Roma, 4 maggio 2019 - Tasse comunali, avanti tutta. Chi più ne ha, più ne metta. Nel bestiario fiscale dell’Azienda Italia non c’è limite alla fantasia. Una stangata che vale, complessivamente, 47 miliardi di euro, più o meno duemila euro a famiglia. È il costo delle tasse locali. Ma dentro, non ci sono solo le sigle più note (e, forse, anche più odiate) come Imu e Tasi. O quelle più ‘blasonate’, come la tassa di soggiorno. L’elenco è lungo. Ben oltre i cento balzelli individuati dai commercianti della Confesercenti e dagli artigiani della Cgia di Mestre nei dossier che continuano ad aggiornare. Una faticaccia stare indietro alle tante novità che spuntano un po’ dovunque nei piccoli e grandi comuni, anche per l’Agenzia delle Entrate e per gli agenti della riscossione. E dal momento che circa il 90% di tutte le entrate locali arriva dalle tre o quattro imposte più importanti, per il resto rischiano di essere più salati i costi di gestione delle imposte che gli incassi. Poco importa, la corsa all’ultimo balzello non si ferma.
C'è, ad esempio, il sindaco che decide di tassare l’ombra, quella che invade il suolo pubblico dalle sporgenze di tende o di insegne. Ma si paga anche se si decide di stampare il proprio nome sullo zerbino che accoglie i clienti: sarà pure poco nobile, ma sempre di pubblicità si tratta. Deve fare particolare attenzione, poi, chi decide di raccogliere funghi: deve pagare un’imposta di bollo. E non se la passa bene neanche chi ha l’hobby della caccia o della pesca. Ci sono le relative tasse di concessione governativa che scattano anche per il semplice possesso di un fucile.

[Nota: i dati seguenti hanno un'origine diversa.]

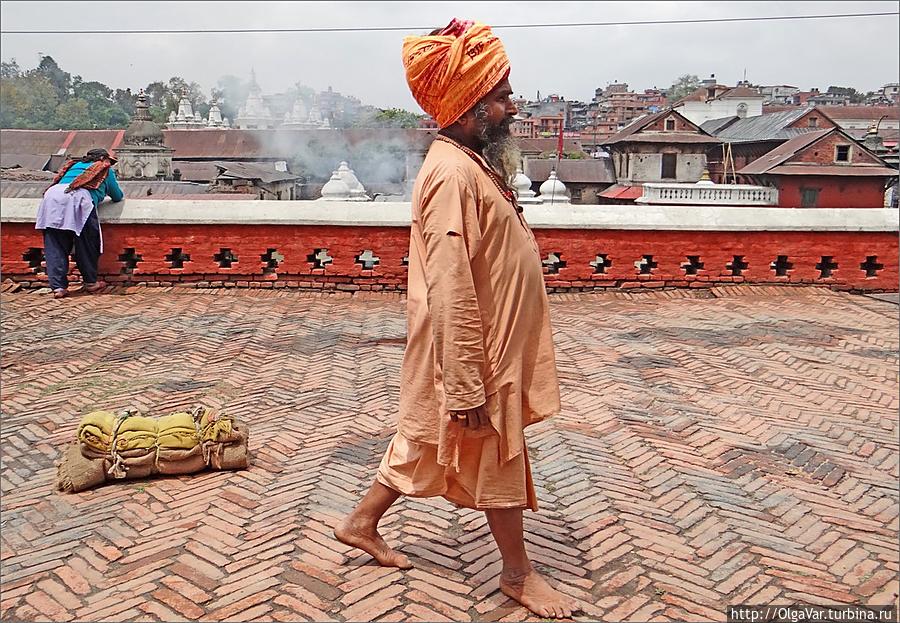 Сказочный персонаж Катманду, Непал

Non si praticano sconti per nessuno, neanche ai defunti: le tasse che gravano sul ‘caro estinto’ sono tante: dall’imposta sulla manutenzione cimiteriale a quella sull’occupazione di suolo pubblico per loculi e cappelle.
Bisogna pagare anche se si decide di conservare in casa le ceneri del defunto o per avere il documento dell’Asl che certifica il decesso. Una follia. Devono mettere mano al portafoglio i proprietari di immobili che hanno gradini di ingresso sulla pubblica strada. Come a dire: si paga un obolo anche per uscire di casa. O, in qualche caso (per fortuna veramente limitato) per affacciarsi sui ballatoi, i grandi balconi che girano attorno ai palazzi per sfruttarne la vista.
Inutile dire che c’è la tassa sui passi carrai e, quelle, altrettanto note, che gravano sulle auto e sui carburanti. Molti Comuni, invece, hanno deciso di fare cassa anche sui matrimoni, con tariffe variabili a seconda del giorno in cui ci si sposa: nei weekend costa di più, fino a 200 euro a coppia. Un paradosso nel Paese dove nascono sempre meno famiglie. Ma, si sa: al peggio non c’è mai limite. E, in Sicilia, ad esempio, si erano inventati, per tempo, la tassa sui tubi: variava a seconda del volume delle condotte che trasportavano gas. In un rigurgito di coscienza è stata però assorbita dalla tassa per l’occupazione di suolo pubblico. Ma attenzione al verbo: assorbita non vuol dire cancellata. Si continua a pagare con un altro nome. Si continuano, invece, a pagare i balzelli sui lampioni per le strade o sull’attraversamento delle linee elettriche o telefoniche. Alcuni comuni, poi, non hanno fatto sconti a nessuno. Neanche al cosiddetto spirito della Patria. Ed hanno deciso di tassare perfino la bandiera nazionale. Una svista, per carità, l’applicazione pedissequa di un regolamento che applica la tassa sulla pubblicità anche sugli slogan diffusi attraverso le bandiere. È avvenuto a Desio, quando il Comune decise di far pagare 180 euro al proprietario di un hotel perché dal suo balcone sventolavano cinque bandiere, tra cui quella italiana. Qualche mese dopo il sindaco restituì il maltolto con tanto di scuse. Se non altro, questa volta, ha vinto il buon senso.